Window Seats, Curated by Yellowtrace

 

I’m yet to meet a human being who doesn’t love a good window seat – it’s simply impossible not to (unless they are located up high and the person in question suffers from vertigo, but that’s another story). Window seats are magical spaces that can instantly make us feel peaceful and calm, whereby a window becomes like a painting one can get lost in. The experience itself can have an almost meditative quality. On the other hand, depending on the context and the design, it can feel exciting to sit on the edge of a building – the feelings can shift from calm to dynamic, active and exciting.

Window seats are a bridge between the interior and the exterior. They are the band that unites the two spaces and merges them into one seamless entity. Dependant on their size and scale, window seats can feel like separate little rooms, or little balconies, or – as some of these examples showcase – they can have an almost cubby-house feel… and we all know that cubby houses are like pom-poms, our favourite pair of trackies, or cupcakes. Everyone freaking loves them! Just like a good window seat. Window Seats for World Peace, I say.

 

See More ‘Stories on Design’ Curated by Yellowtrace.

 

Copper House II by Studio Mumbai | Yellowtrace
Courtesy of Studio Mumbai.

 

Copper House II by Studio Mumbai // The severe flood of Mumbai in 2005 made its high-water mark on a pump-house that existed on the site. After using it to register the datum for the house, pile foundations were put in and a slab was cast half a meter above the high-water line. The central fill came from the excavation for the well, and around a court, the house grew. This simple and elegant window seat is one of the most charming aspects of the new house.


 

Brick Addition by NOJI Architects | Yellowtrace
Photo © Alice Clancy.

 

Brick Addition by NOJI Architects // This North facing extension to a protected structure in Dublin is pivotal in connecting the existing house to the garden. The design recesses the upper bathroom block into the lower kitchen block to minimise the overall height while the pitched roofs maximise the internal volumes. The massing of the volumes responds to the scale of the existing house and simultaneously steps downwards towards the garden.


 

House at Big Hill by Kerstin Thompson Architects | Yellowtrace
Photo by Trevor Mein.

 

House at Big Hill by Kerstin Thompson Architects in Victoria, Australia // The interior of the house has an intimate quality achieved through the careful modulation of natural light and shadow, and the use of timber accents which offset the concrete floors and block work walls.
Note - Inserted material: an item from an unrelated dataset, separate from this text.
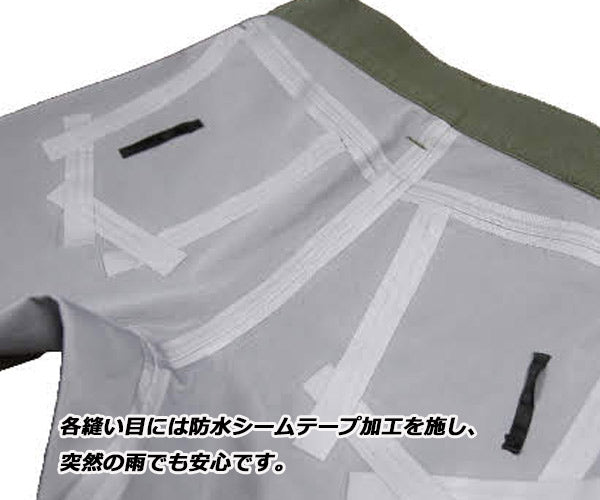 メンズ PP-9251 オリーブ 34インチ ウォータープルーフライダースパンツ パワーエイジ 防水 透湿 膝・腰プロテクター標準装備 ストレッチ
Views are captured by picture frame windows that become spaces to occupy through deep reveals and window seats.


 

Family House by GWM Architects | Yellowtrace
Photo © Dieuwertje Komen.

 

Family House by GWM Architects // The ‘landscape-project’ by GWM Architects in Frasnes-lez-Anvaing in Belgium was about constructing a free standing house in the country side. The oversized window with a minimalist seat platform allow for the views of the local village and the fields beyond.


 

Norman Fisher House by Louis Kahn | Yellowtrace

Norman Fisher House by Louis Kahn | Yellowtrace
Photos © Paolo Roversi.

 

Norman Fisher House by Louis I. Kahn // The Fisher House, also known as the Norman Fisher House, was designed by the architect Louis I. Kahn and built for Dr. Norman Fisher and his wife, Doris, a landscape designer, in 1967 in Hatboro, Pennsylvania. Characterised by its dual cubic volumes, stone foundation and detailed cypress cladding, the Fisher house stands as a clear statement of how Kahn was working at the time, and how his work differed from that of his contemporaries. For my money, perhaps one of the most important details to note about this house is that the backrest of the window seat folds up and down to hide and reveal a television. Genius!


 

Oyster Farm Hangar by Raum Architects | Yellowtrace
Image © Raum Architects. Photo by Audrey Cerdan.

 

Oyster Farm Hangar by Raum Architects in Bretagne, France // This temporary dwelling and work space for an oyster farmer in the countryside of Bretagne, France was conceived as a system with multiple configurations. The house is composed of two main areas – a hangar, and an office/lounge space which hosts a kitchen, dining room, and seating area. A large window to the east provides views of the surrounding scenery while providing flexible seating with a wide framing structure.


 

Mapledene Road by Platform 5 Architects | Yellowtrace
Photo by Alan Williams.

 

Mapledene Road by Platform 5 Architects // Located at the back of the house, a glass roof and wall project out from the side of a renovated kitchen and bridge across to a brick garden wall. On sunny days the glass wall can pivot open, connecting the kitchen and small dining area to a terrace with the same concrete floor. A glass structure also extends through the existing brick walls on the other side of the kitchen, creating an oriel window that houses a chunky timber daybed.


 

Ray Kappe Designed Multilevel House in Los Angeles | Yellowtrace

 

Ray Kappe House in Los Angeles // A controlled explosion of space, the house spills out over multiple levels, intersected by vertical planes of glass, timber and concrete. Natural light pours in through floor-to-ceiling windows with views of the lush hillsides from all directions.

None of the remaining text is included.